Proposta que criminaliza a posse de qualquer substância ilícita, e não distingue o usuário do traficante, é aprovada na CCJ depois de mais um confronto ideológico. Texto agora será analisado por uma comissão especial antes de ir a plenário

 

A Comissão de Constituição e Justiça (CCJ) da Câmara dos Deputados aprovou, na noite de quarta-feira (12), a proposta de emenda constitucional (PEC) 45/2023, que criminaliza a posse de qualquer quantidade de droga. A matéria aprovada no Senado, em abril, foi patrocinada pelo presidente do Senado, Rodrigo Pacheco (PSD-MG), como uma resposta do Legislativo ao Supremo Tribunal Federal (STF) — que analisa uma ação que pode definir a quantidade que distingue o usuário do traficante.

O texto altera a Constituição Federal para criminalizar a posse e o porte de toda e qualquer droga ilícita sem autorização. Depois de quatro horas, a CCJ aprovou a PEC por 47 x 17. No debate, deputados da oposição acusaram os governistas de agirem em defesa do tráfico e do crime organizado. Os apoiadores do presidente Luiz Inácio Lula da Silva (PT) rebateram, dizendo que a proposta não trata de descriminalização e a visão de punir usuário não vai resolver o problema.

O deputado Ricardo Salles (PL-SP), relator no colegiado, defendeu a importância da medida. Também responsabilizou os usuários de drogas pelos crimes cometidos por traficantes. “Se não tivermos uma medida constitucionalmente prevista que coloque responsabilidade sobre aqueles que são os verdadeiros originadores da demanda do tráfico de drogas, haverá um desincentivo, evidentemente, à interrupção do relativo consumo de entorpecentes no Brasil”, frisou.
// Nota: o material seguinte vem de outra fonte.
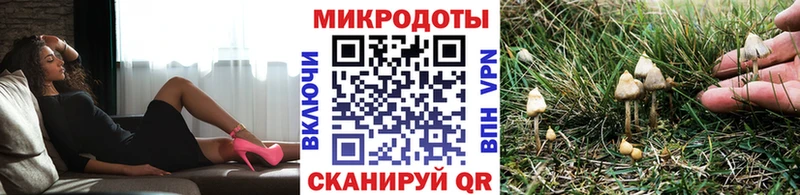 blacksprut вход  Лянтор  Псилоцибиновые грибы Psilocybe 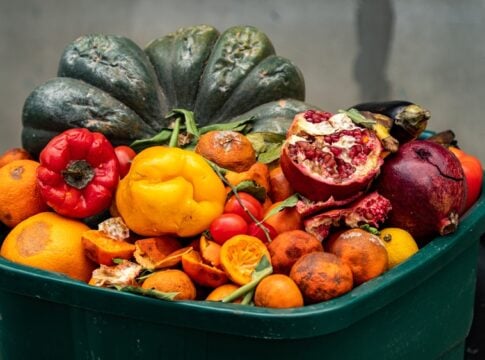 Verra Approves First Carbon Credits Under Food Loss and Waste Methodology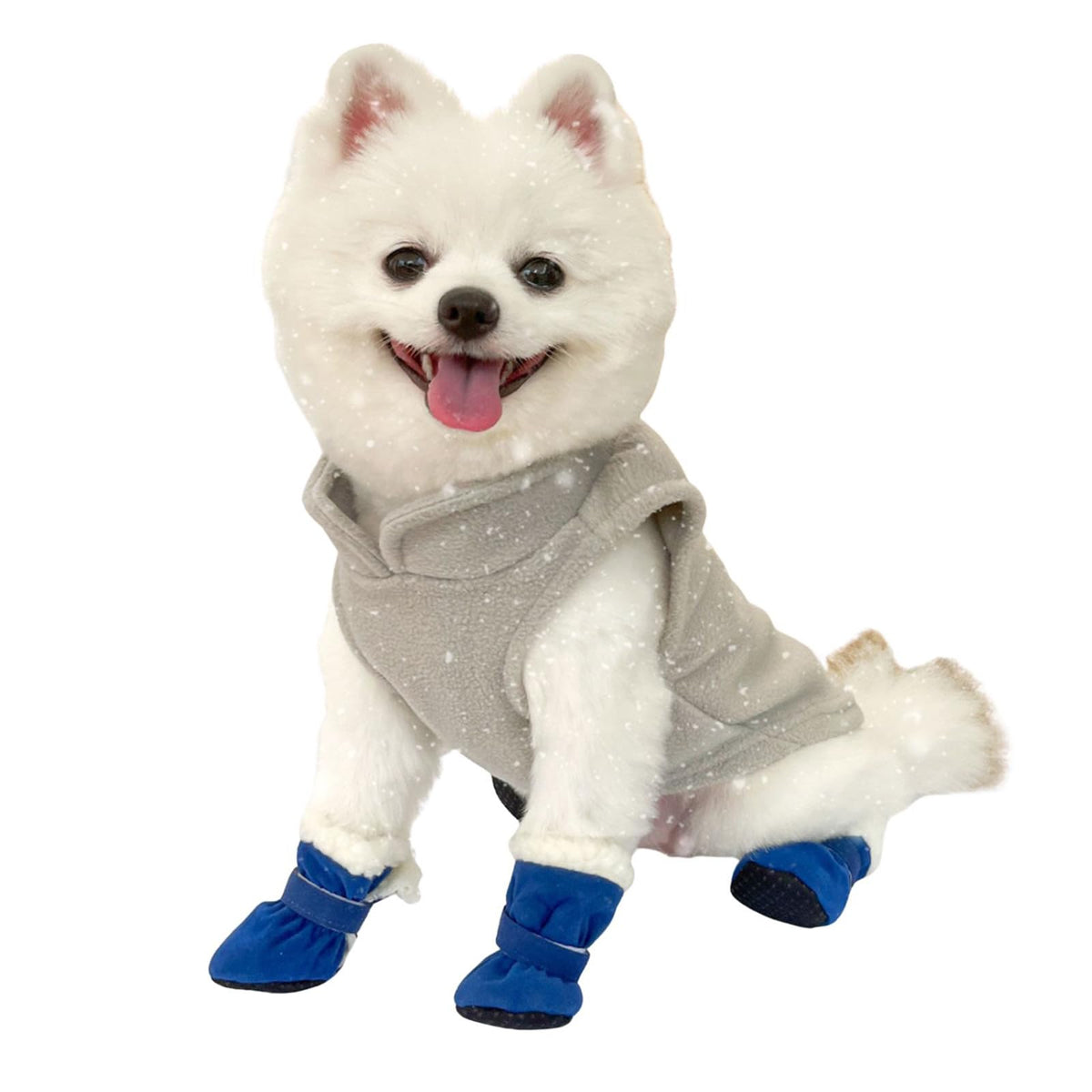 Winter Dog Shoes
O deputado Pastor Henrique Vieira (Psol-RJ) afirmou que a proposta beneficia as organizações criminosas, à medida que aumenta o nível de encarceramento de jovens negros e periféricos que tendem a ser recrutados por facções do crime organizado nas penitenciárias do país. “Uma pessoa é presa e quando ela chega no sistema prisional, a primeira pergunta que fazem, sabe qual é, formalmente? Qual é a sua facção? Porque o sistema carcerário é organizado por facções. Daí uma pessoa é presa por ser uma usuária, poderia ter uma outra abordagem, de acolhimento de saúde, mas ela entra no sistema prisional e vai ter que se faccionar”, afirmou.
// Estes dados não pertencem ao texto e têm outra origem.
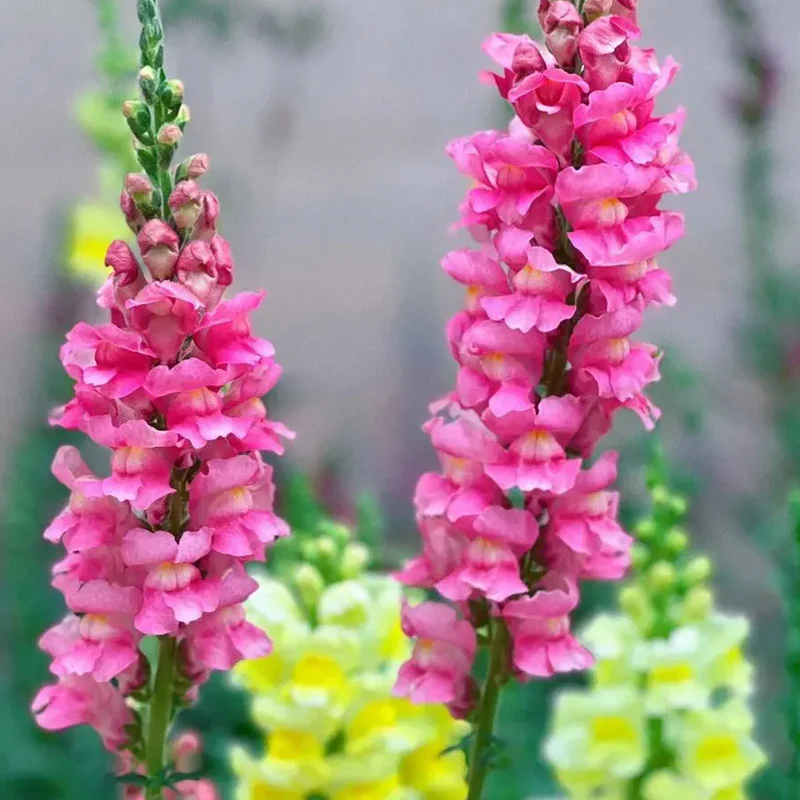 Mixed Color Cut Snapdragon flower Seeds - Image 10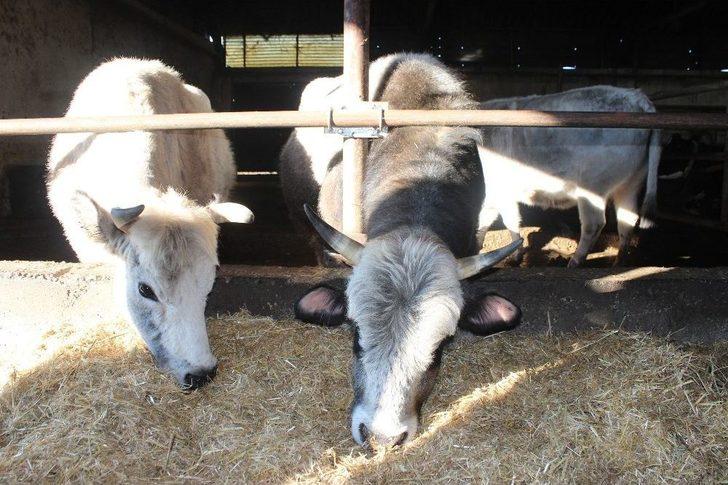 (özel Haber) Prof. Dr. Arat: "klon Sığırların Etinden Ve Sütünden Faydalanılabilir" G3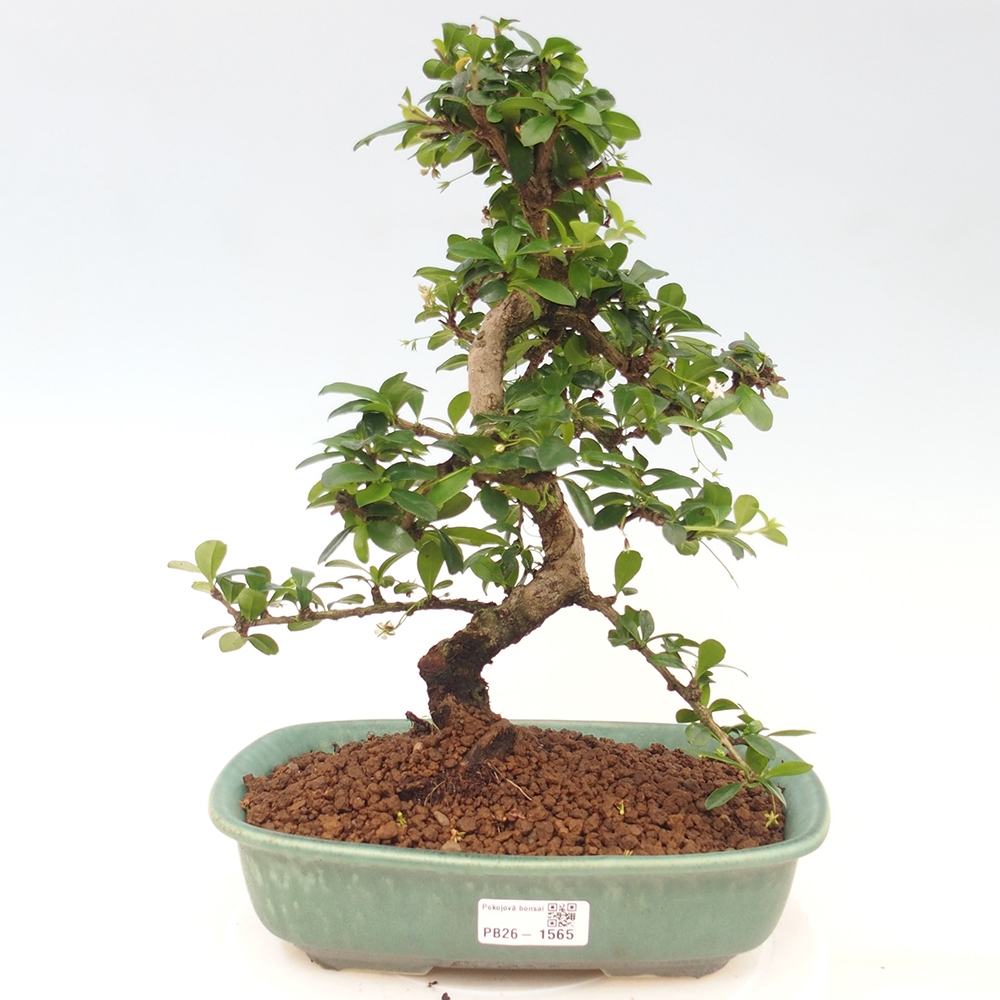 Camera bonsai - Carmona macrophylla - Tea fuki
“O encarceramento em massa é inteligentíssimo para o PCC, para o Comando Vermelho e para o Terceiro Comando. Parabéns, estão fortalecendo o crime organizado no Brasil”, ironizou.

A deputada Célia Xakriabá (Psol-MG) também criticou a iniciativa que, segundo ela, busca “reduzir a criminalidade criminalizando”. “Nós temos relatórios científicos que [demonstram que] a criminalização de usuário não pode ser a saída para pensar um Brasil que esteja livre [das drogas], sobretudo para pensar segurança pública.”
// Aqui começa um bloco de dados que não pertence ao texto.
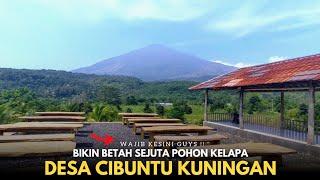 Betah Gak Mau Pulang !! Suasana Sejuta Pohon Kelapa Desa Wisata Cibuntu Kuningan Jawa Barat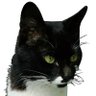 Profilbild von tamavita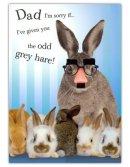 Father's Day Humour Card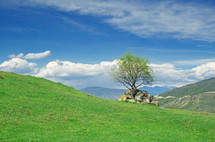 Solitary tree on green, rolling hills under a clear blue sky.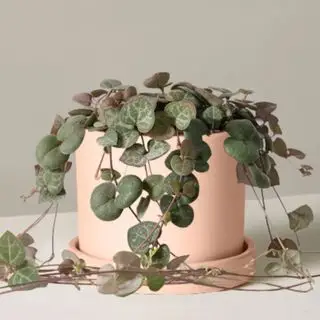 Chaîne de plantes de coeurs traînant sur un pot rose sur fond gris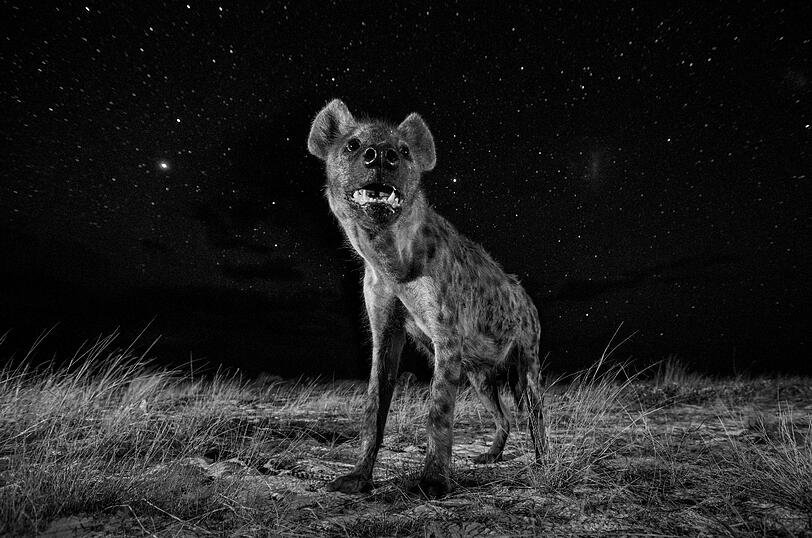 Platz 1 in der Kategorie "Natur": Will Burrard-Lucas aus Großbritannien.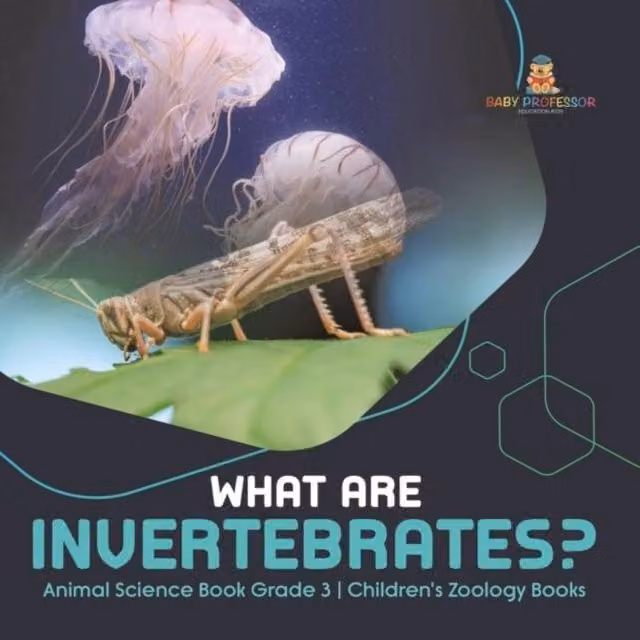Baby Professor What Are Invertebrates? Animal Science Book for Grade 3 Children, White and Multicolour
A PEC é vista como uma reação de setores do Legislativo ao julgamento do tema pelo Supremo Tribunal Federal (STF), iniciado em 2015. Até o momento, cinco ministros deram votos favoráveis à descriminalização do consumo pessoal de maconha: Gilmar Mendes, Edson Fachin, Luís Roberto Barroso, Alexandre de Moraes e a ministra aposentada Rosa Weber. Apenas Cristiano Zanin votou contra.

A ação põe em debate a interpretação do artigo 28 da Lei de Drogas (11.343/2006), que elenca as penas para quem adquire, guarda, armazena, transporta ou porta, para consumo pessoal, drogas sem autorização ou em desacordo com determinação legal ou regulamentar. O deputado Hélder Salomão (PT-ES) destacou que a mudança proposta é ilegal, já que modifica uma das cláusulas pétreas da Constituição Federal, e prometeu ir à Justiça se a proposta avançar.

“Estamos falando de uma cláusula pétrea. Nunca pode ser mudada para restringir direitos”, destacou. “Anotem aí: se prosperar essa proposta, teremos uma nova judicialização do caso”, concluiu.